Not sure I agree here: the interface is one "thing"; ancestry and mutation simulations (etc) are independent of that? I agree the line for demography and interface is very hazy though.

jeromekelleher commented 2 years ago

"More efficient for large numbers of populations" - maybe give values and/or a comparator - e.g. 20x more efficient than msprime 0.3 for large populations?

That's a bit of a how-long-is-a-piece-of-string one @Yan - pre 1.0 performance was quadratic in the number of populations. Now it's much better. There's no one number, though and you'd need to say something like "for example, in a 1D stepping stone model with 100 populations, and one haploid sample drawn each from the ends of the habitat and no recombination, we are X times faster"

hyanwong commented 2 years ago

"More efficient for large numbers of populations" - maybe give values and/or a comparator - e.g. 20x more efficient than msprime 0.3 for large populations?

That's a bit of a how-long-is-a-piece-of-string one @yan - pre 1.0 performance was quadratic in the number of populations. Now it's much better.
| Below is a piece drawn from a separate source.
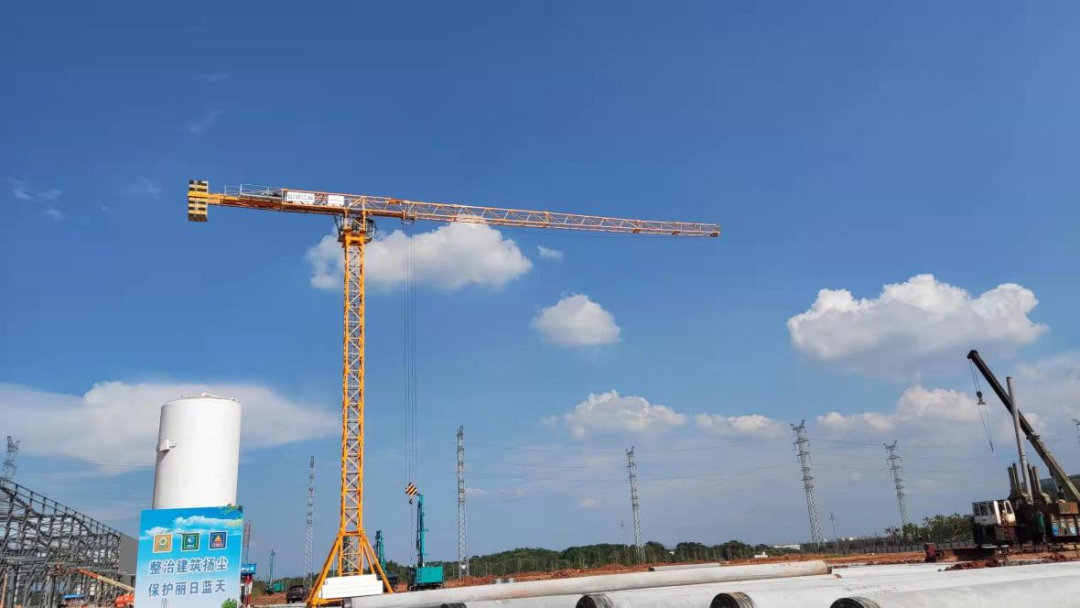 升降耗时缩短25%!米兰体育·米兰(中国)江麓首款中速变频施工升降机成功下线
There's no one number, though and you'd need to say something like "for example, in a 1D stepping stone model with 100 populations, and one haploid sample drawn each from the ends of the habitat and no recombination, we are X times faster"

Right, don't worry if it's not easy to say: it just sounded a little hand-wavy, but perhaps there's no better way to put it succinctly.

hyanwong commented 2 years ago

Perhaps "improved scaling (no longer quadratic) in the number of populations"? Or is that worse?

jeromekelleher commented 2 years ago

Do we want to mention the ability to do multiple chromosomes using DTWF and the hack at https://tskit.dev/msprime/docs/latest/ancestry.html#multiple-chromosomes or is that too much of a hack at the moment?

Too hacky I think, not worth bringing up.

jeromekelleher commented 2 years ago

Screenshot from 2021-11-19 11-28-19

Thanks for the input @hyanwong, this is very helpful. How does this look now?

grahamgower commented 2 years ago

Is it also worth mentioning that the interface now supports widespread use of population names as an alternative to using numerical ids?

jeromekelleher commented 2 years ago

Good point @grahamgower . How about

Improved interface with integrated metadata and referencing populations by name. Import from...

grahamgower commented 2 years ago

Yep, sounds good.

jeromekelleher commented 2 years ago

Updated

hyanwong commented 2 years ago

Thanks for the input @hyanwong, this is very helpful. How does this look now?

Great! Nice work @jeromekelleher

jeromekelleher commented 2 years ago

OK, let's merge this then. Thanks for the input!